• [TASK INSTRUCTIONS] Look below for the line containing "Louis Vuitton Damier". Write out that line and the rest through the last one, exactly as they appear, but without pictures.

** Opening SUPPLIED DATA block **

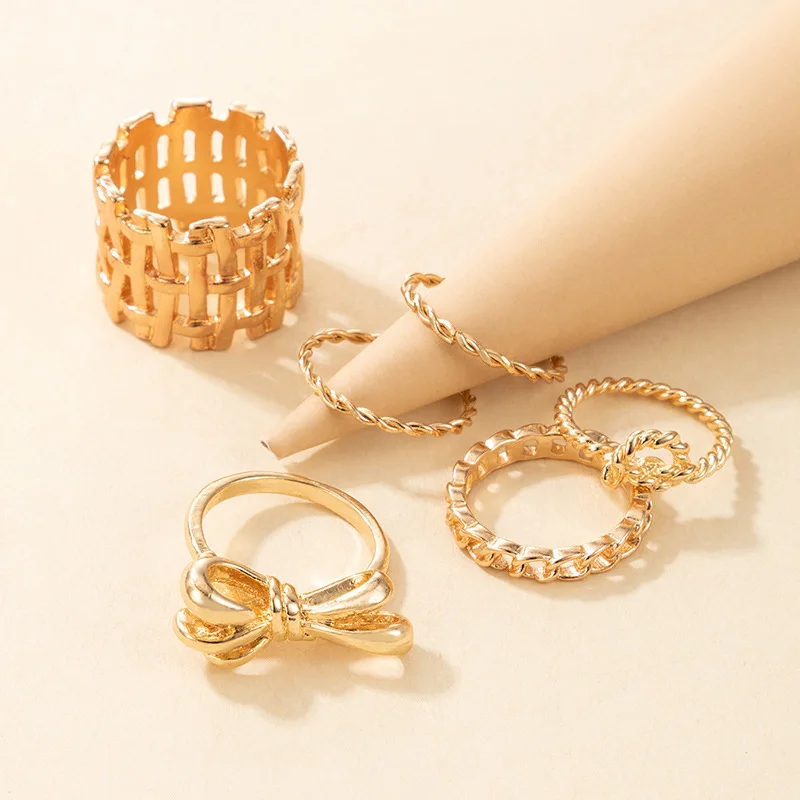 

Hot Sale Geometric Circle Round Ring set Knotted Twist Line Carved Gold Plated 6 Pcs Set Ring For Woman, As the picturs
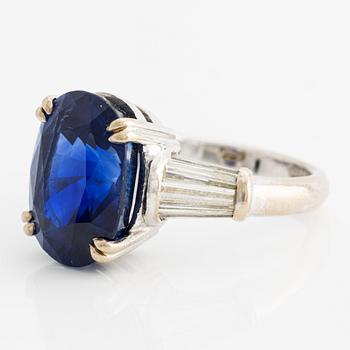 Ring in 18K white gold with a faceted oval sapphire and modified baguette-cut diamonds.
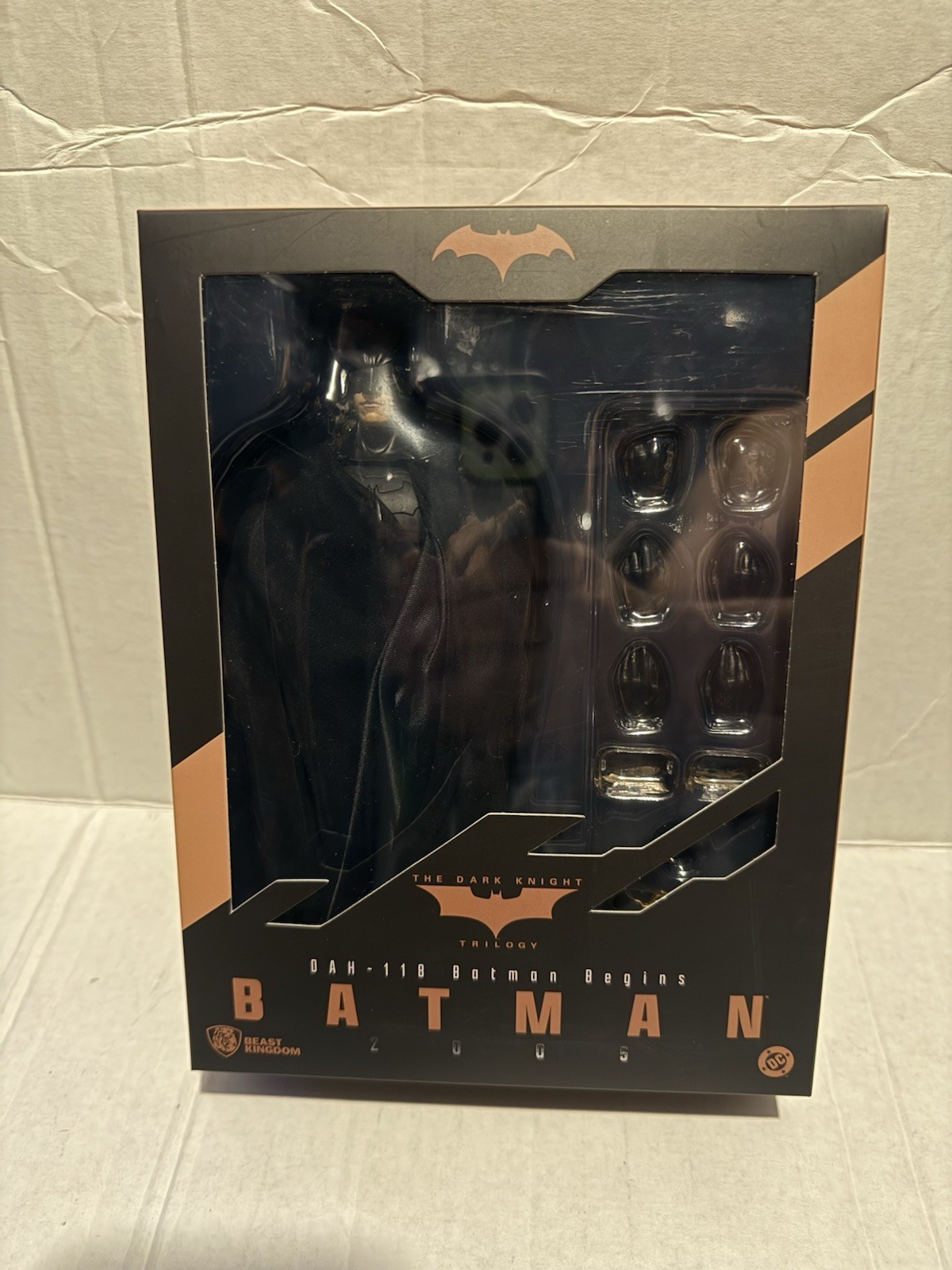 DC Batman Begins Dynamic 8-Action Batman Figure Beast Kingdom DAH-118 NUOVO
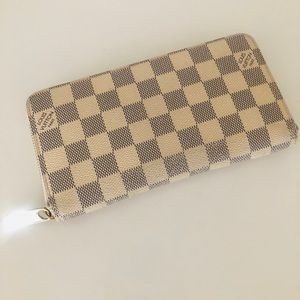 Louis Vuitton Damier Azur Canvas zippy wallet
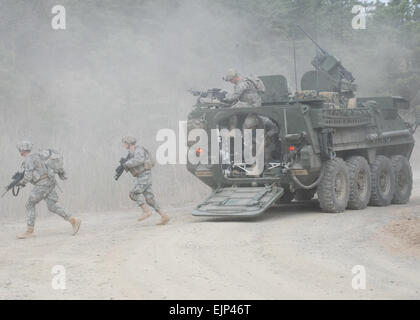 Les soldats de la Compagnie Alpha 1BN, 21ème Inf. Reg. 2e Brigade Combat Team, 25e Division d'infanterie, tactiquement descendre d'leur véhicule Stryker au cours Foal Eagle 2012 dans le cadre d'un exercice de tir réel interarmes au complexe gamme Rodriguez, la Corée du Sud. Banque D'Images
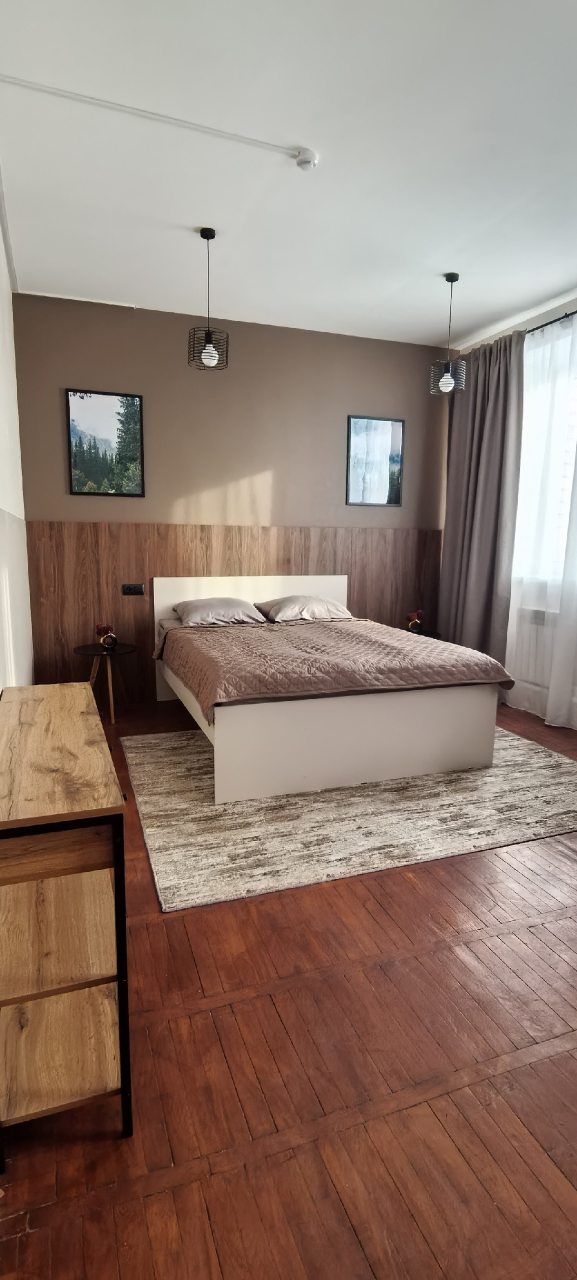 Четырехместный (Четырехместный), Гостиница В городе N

** Closing SUPPLIED DATA block **

• [RESULT FOR THIS EXERCISE]
 Louis Vuitton Damier Azur Canvas zippy wallet
 Les soldats de la Compagnie Alpha 1BN, 21ème Inf. Reg. 2e Brigade Combat Team, 25e Division d'infanterie, tactiquement descendre d'leur véhicule Stryker au cours Foal Eagle 2012 dans le cadre d'un exercice de tir réel interarmes au complexe gamme Rodriguez, la Corée du Sud. Banque D'Images
 Четырехместный (Четырехместный), Гостиница В городе N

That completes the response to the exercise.